Marvin Hamlisch’s 1975 musical about a group of dancers auditioning for an unnamed Broadway show is – like the late Hamlisch himself – one of the all-time greats. And to all intents and purposes and insofar as is possible, this revival is that 1975 production. Directed by original choreographer Bob Avian, this ‘Chorus Line’ shares everything bar a cast with its predecessor, from stark set design to striking lack of an interval to the antediluvian leotards sported by the cast’s female members.
The trouble is that in recent times, audition-centric reality TV shows like ‘The X Factor’ have so comprehensively co-opted ‘A Chorus Line’s emotional and narrative turf that what once seemed formally daring now teeters on the edge of cliché. The first half – in which each of the many auditionees shares a little of their life story with John Partridge’s director Zach – simply doesn’t feel structurally audacious any more, and lags when the spotlight is handed to one of the ensemble’s several weaker members.
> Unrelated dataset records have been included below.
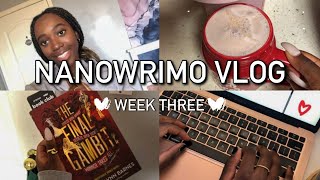 nanowrimo vlog 2022 // week three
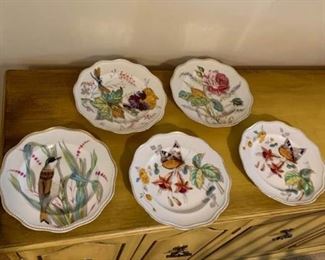 Five Hand Painted Plates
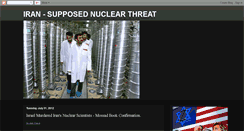 Desktop Screenshot of iransupposednuclearthreat.blogspot.com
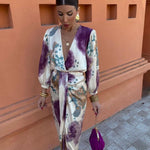Valeria | Dress with Crossover Neckline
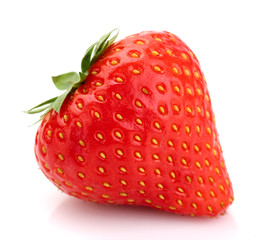 Beauty strawberry in closeup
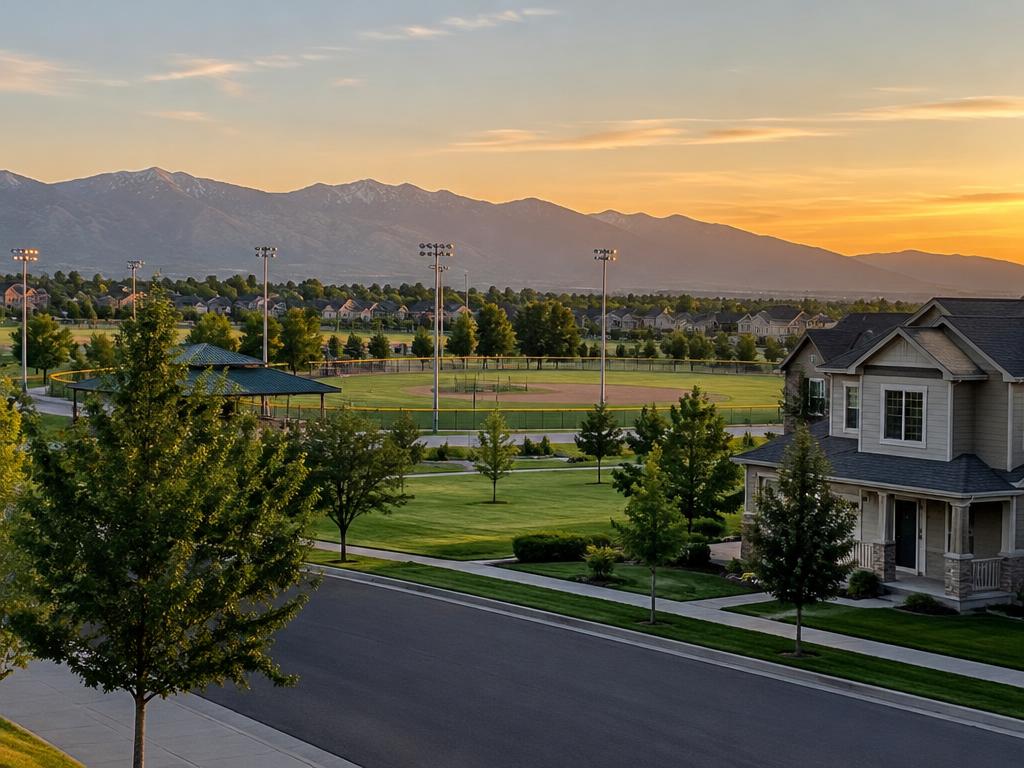 Copper Hills neighborhood in West Jordan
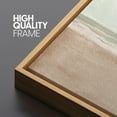 thumbnail image 2 of IDEA4WALL Extra Large Framed Canvas Print Wall Art Serene Shoreline Abstract Beach Illustrations Antique Pastel Seascape Wall Decorative Oversized Artwork Relax/Calm for Living Room - 60"x20", 2 of 5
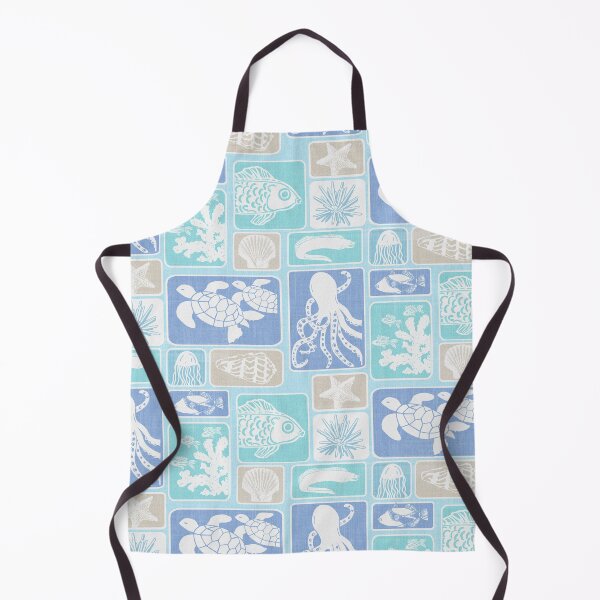 Item preview, Ocean Life Multicolor - sand, aqua, blue designed and sold by Linda Maliuana.
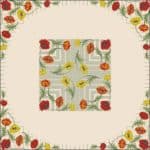 Free cross-stitch pattern for square tablecloth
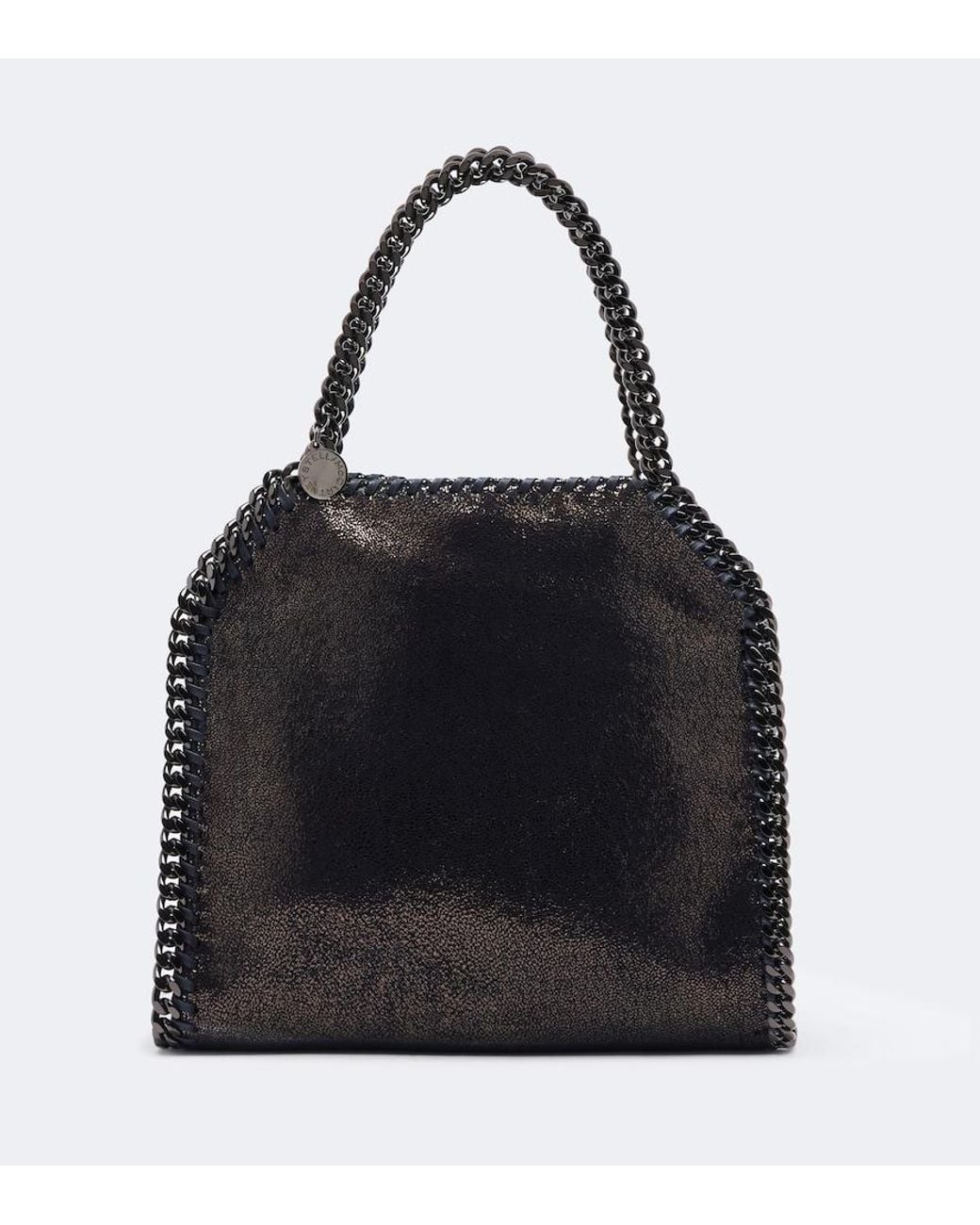Stella McCartney Black Falabella Mini Top-Handle Bag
But for every stodgy first half moment there’s a strong one, and the cast’s bigger names earn their place in the line: Leigh Zimmerman is very funny and very sexy as the waspish Sheila; Victoria Hamilton-Barritt injects grit and heart into feisty Diana; and former ‘EastEnders’ man Partridge is both ruggedly charismatic and astoundingly light on his feet as Zach. And following Scarlett Strallen’s powerful solo turn as fallen leading lady Cassie, the musical really finds its gear. The second half ensemble numbers are genuinely subversive, as the cast enters a mannequin-like lockstep that’s part gorgeous, part depressing as these sparky individuals achieve their ‘dream’ of becoming part of a faceless mass.
And the score is wonderful, an elegant mix of restrained orchestral gorgeousness and sizzling pre-disco funk, daft early numbers giving way to the climactic double whammy of hauntingly incomplete showtune ‘One’ and tender ballad ‘What I Did for Love’.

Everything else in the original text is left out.